START INFORMATION SHOWN
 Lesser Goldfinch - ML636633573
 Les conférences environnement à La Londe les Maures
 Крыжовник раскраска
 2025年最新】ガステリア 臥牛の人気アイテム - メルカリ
END INFORMATION SHOWN
START INFORMATION SHOWN
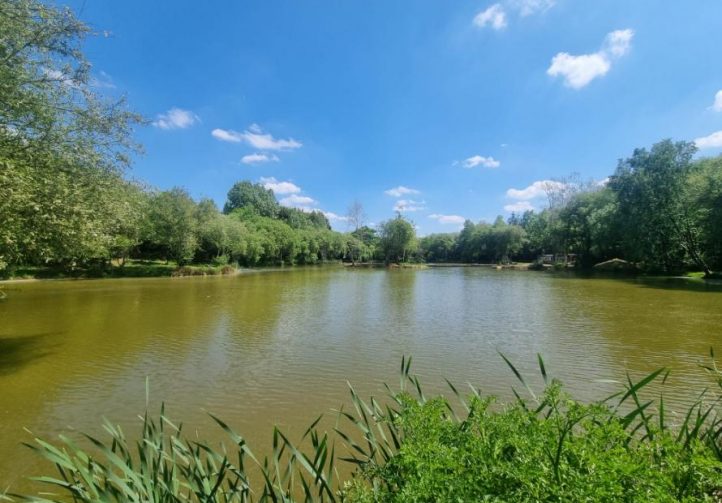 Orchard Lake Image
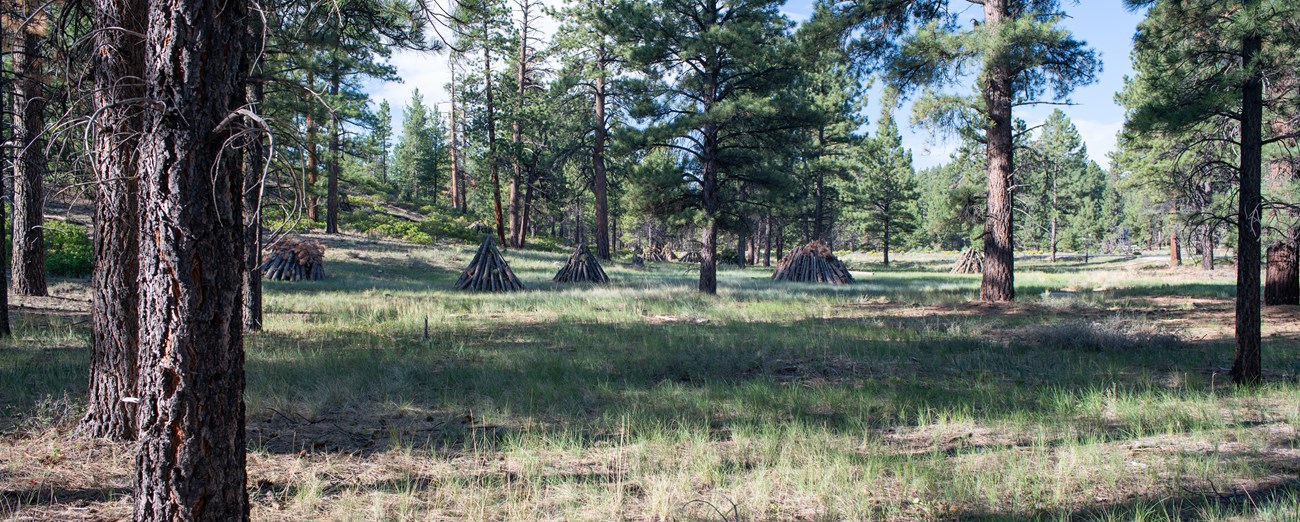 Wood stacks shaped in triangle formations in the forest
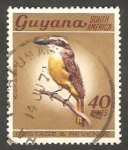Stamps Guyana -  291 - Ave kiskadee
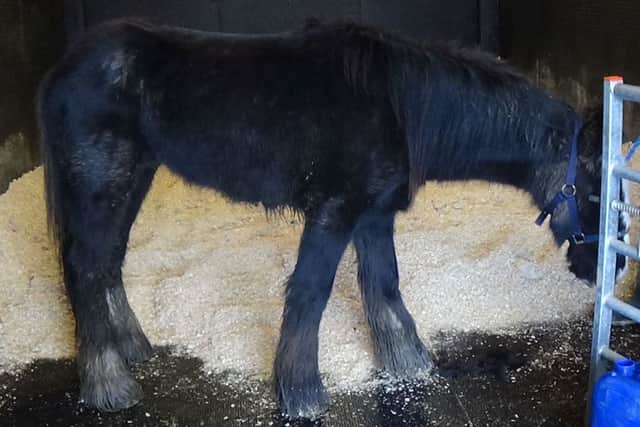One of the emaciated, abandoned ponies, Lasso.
END INFORMATION SHOWN
**PROBLEM TO SOLVE**. Among the records above, only the lines between the line holding "Lesser Goldfinch - ML636633573" and the line holding "2025年最新】ガステリア 臥牛の人気アイテム - メルカリ", inclusive, are to be output, exactly as written.

**ANSWER**.
 Lesser Goldfinch - ML636633573
 Les conférences environnement à La Londe les Maures
 Крыжовник раскраска
 2025年最新】ガステリア 臥牛の人気アイテム - メルカリ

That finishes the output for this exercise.